[Task item]: Write out exactly the lines from the one containing "#Repost #PhiBetaSigma #RhoMuSigma" to the end of the material, both ends included, and nothing else. Leave pictures out.

[Data for the task]:

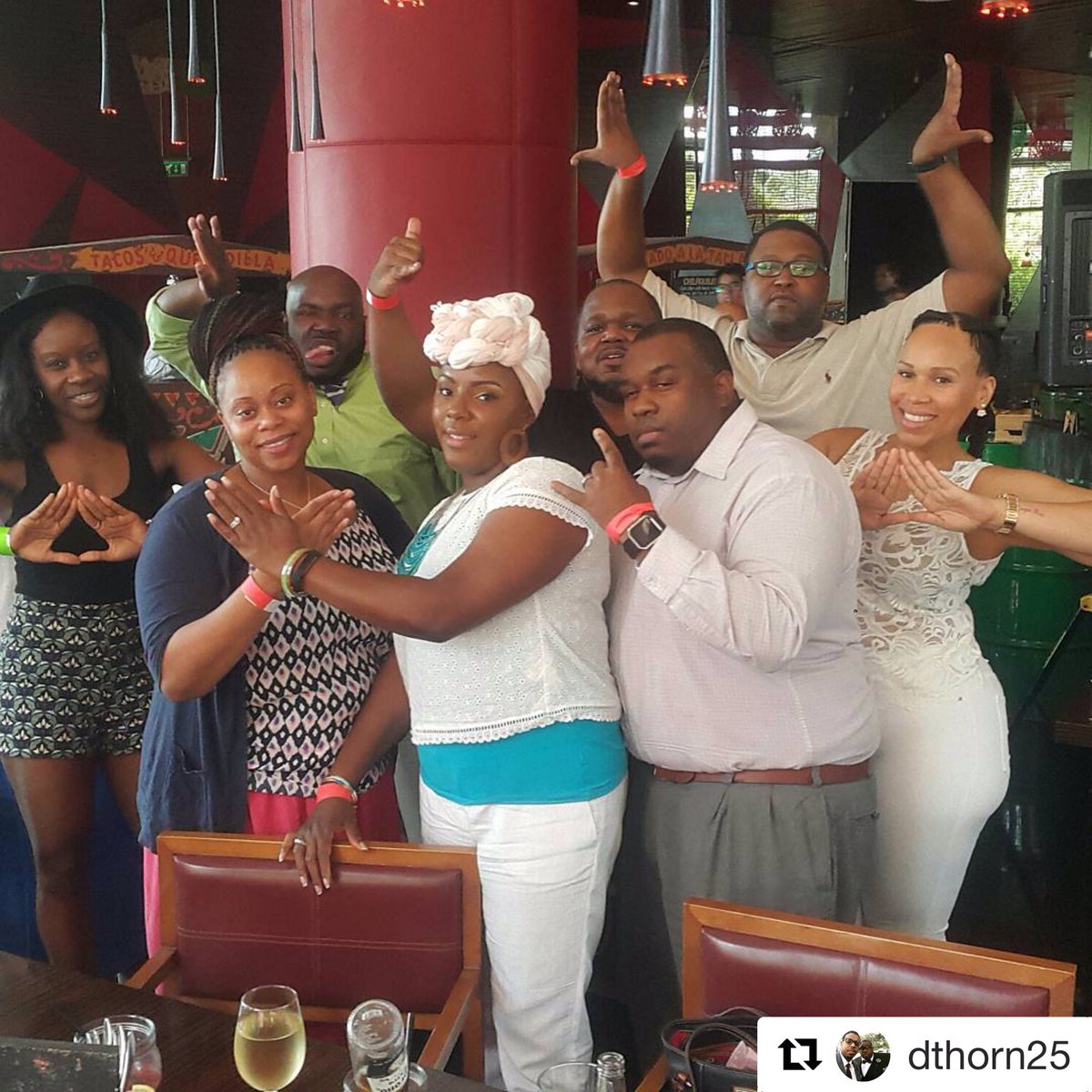 MiddleEastSigma's tweet photo. Bro. Thornton reppin’ the Blue in “Tha ‘Bu”🤘🏾🕊.
.
.
#Repost #PhiBetaSigma #RhoMuSigma #PBS #ZPBS #AbuDhabi #UAE #GreekLove #GreekLuv #GreekUnity #NPHC #DivineNine #Divine9 #SliceOfLife https://t.co/sFdUn4x4VK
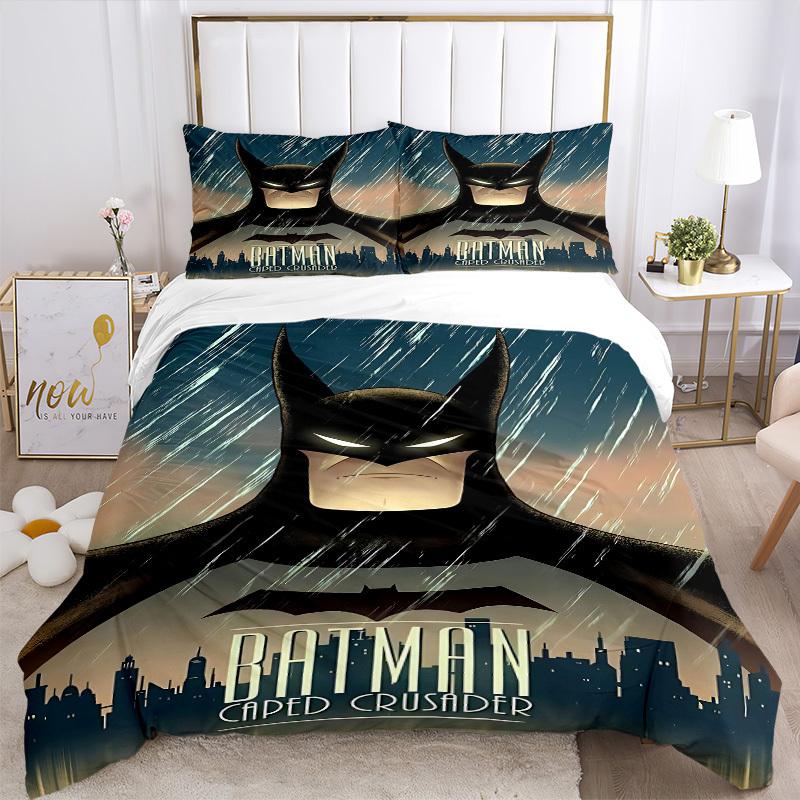 3pcs Batman Caped Crusader Bedding Set, Soft Polyester Duvet Cover and Pillowcases Machine Washable Seasons all suitable 90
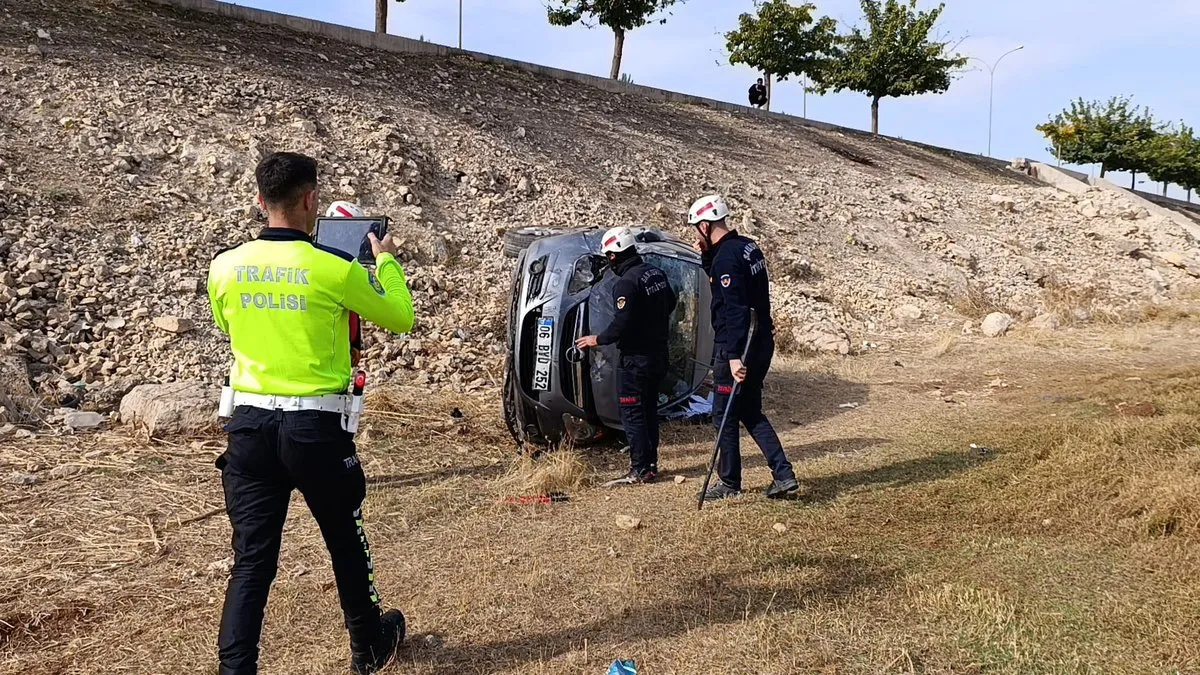 Akçakale çevreyolunda otomobil şarampole uçtu: 3 yaralı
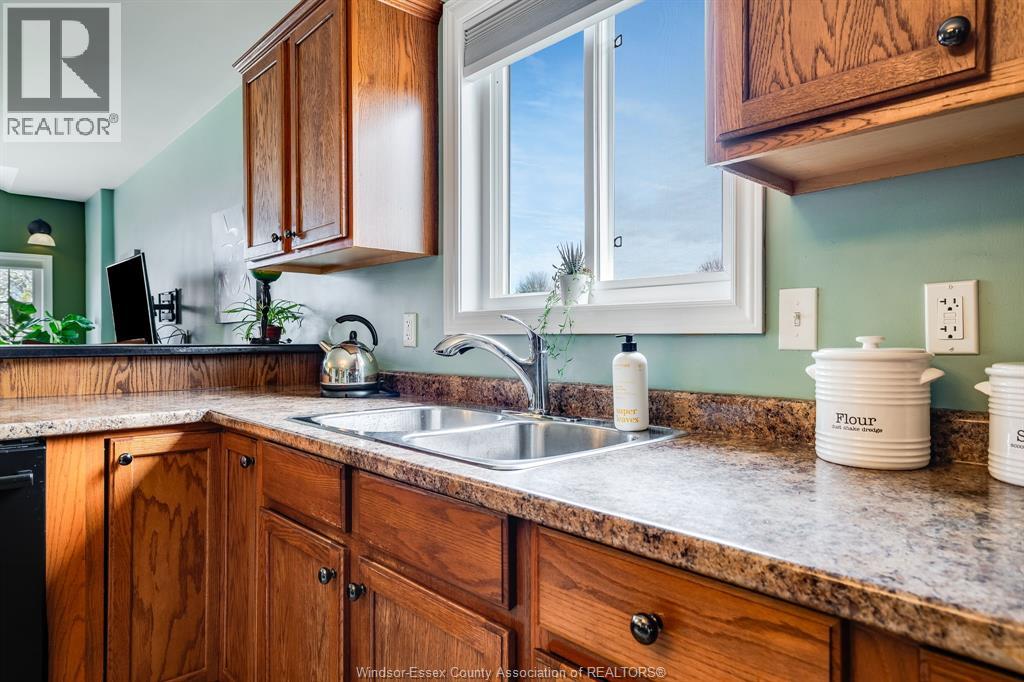Photo 16 of 95 Millbrook Drive, Kingsville ON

[Output of the exercise]:
#Repost #PhiBetaSigma #RhoMuSigma #PBS #ZPBS #AbuDhabi #UAE #GreekLove #GreekLuv #GreekUnity #NPHC #DivineNine #Divine9 #SliceOfLife https://t.co/sFdUn4x4VK
 3pcs Batman Caped Crusader Bedding Set, Soft Polyester Duvet Cover and Pillowcases Machine Washable Seasons all suitable 90
 Akçakale çevreyolunda otomobil şarampole uçtu: 3 yaralı
Photo 16 of 95 Millbrook Drive, Kingsville ON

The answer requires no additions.